Many fibromyalgia patients experience ringing in the ears (tinnitus), hearing loss, dizziness, and vertigo (a sensation of spinning and subsequent loss of balance); however, although exceptions exist (Rosenhall et al., 1996), ear-related symptoms are rarely confirmed by standard clinical and laboratory assessments, such as hearing tests (also known as audiometry), when administered to fibromyalgia patients. Alternatively, fibromyalgia patients who do not report ear-related symptoms have been found in some research studies to actually have detectable impairments, such as hearing loss (Bayazit et al., 2002; Yilmaz et al., 2005).
The reasons why fibromyalgia patients experience ear-related symptoms are not well-understood. Some researchers believe that underlying neurological problems may be to blame (Gunduz et al., 2008), while others have suggested that ear problems may simply be an extension of underlying temporomandibular joint disorder (TMJ) (Bayazit et al., 2002). Other researchers have suggested that fibromyalgia patients have a dysfunctional ability to adjust to perceived disturbing stimuli (Dohrenbusch et al., 1997). One study conducted in 12 children with fibromyalgia found no clinical or laboratory evidence to support the children’s complains of chronic dizziness; as a result, those authors suggest that the persistent musculoskeletal problems inherent in fibromyalgia may affect an individual’s sense of balance and orientation (Rusy et al., 1999).
A study by Bayazit and colleagues (2002) was designed to assess ear symptoms and issues in individuals with fibromyalgia. The researchers evaluated 24 female patients who all were diagnosed with fibromyalgia in accordance with the American College of Rheumatology (ACR) diagnostic criteria. In addition to administering standard fibromyalgia assessment questionnaires, the researchers performed detailed physical examinations and asked each participants specific questions related to their personal history of hearing loss, ringing in the ears, balance problems, and dizziness. Each participant also underwent a series of tests designed to evaluate their hearing ability.

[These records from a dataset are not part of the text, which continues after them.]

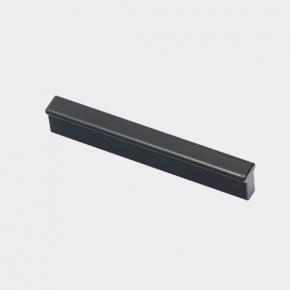 PA5820 Hardware cabinet kitchen furniture handle manufacture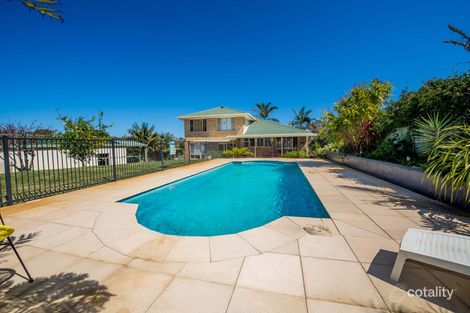 Property photo of 10 The Jetty Salamander Bay NSW 2317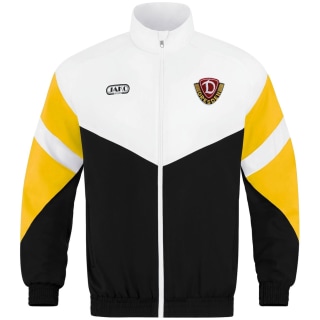 Jako Dynamo Dresden Retro Sweatshirt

After analysis, the researchers found that dizziness was the most common symptom, with nine of the 24 patients experiencing it. Four patients had ringing in the ears, three had hearing loss, and two experienced balance problems. In their discussion, the authors note that fibromyalgia patients frequently suffer from subjective ear-related symptoms that are rarely detected or confirmed using standard and objective diagnostic procedures. They supported this generalization with the results of their study, which also failed to confirm the presence of self-reported ear problems in a number of these patients. However, the authors also noted that the reverse was true, and described how some fibromyalgia patients have clinically significant ear problems without having any noticeable symptoms.
Yilmaz et al. (2005) involved performed a series of hearing tests on 16 female fibromyalgia patients and 15 healthy female controls. Tests were administered to evaluate hearing ability, hearing loss, speech discrimination, and other parameters. Overall, the study found no significant differences between the hearing test results of the fibromyalgia patients and the control subjects. In addition, there were no significant differences found with regard to the hearing ability of those who did and did not report having ear-related symptoms. Similar to Bayazit et al., these authors note that fibromyalgia patients frequently experience ear-related symptoms that are rarely able to be confirmed using standard clinical or laboratory tests (Yilmaz et al., 2005).
An earlier study by Rosenhall and colleagues reported somewhat conflicting findings. These authors evaluated the hearing and ear-related neurological findings of 168 fibromyalgia patients, 141 of whom were women. They found that 72% of the patients reported a history of dizziness and balance issues, and hearing tests confirmed the presence of sensory-related hearing loss in 15%. Furthermore, additional hearing deficits were confirmed in 30% to 58% percent of the patients, depending on the particular assessment (Rosenhall et al., 1996).
Medication Side Effects
It is important to note that tinnitus can be a side effect of treatment with antidepressant medications, as well as a side effect of major depression. In light of the fact that many fibromyalgia patients suffer from comorbid depression and as a result, receive treatment with antidepressant medications, it can be difficult to determine the cause of tinnitus when it presents in a depressed fibromyalgia patient. Adding to the confusion is the fact that dizziness is also a common side effect of many prescription medications, in particular antidepressants.
As a result, it is very important for fibromyalgia patients who suffer from tinnitus and/or dizziness to closely monitor and track their treatments. Diligent tracking of symptoms such as these alongside tracking of medications and other treatment efforts can help to narrow down and pinpoint the cause of new or worsening symptoms. This can expedite treatment modifications that may bring quicker symptomatic relief to the patient.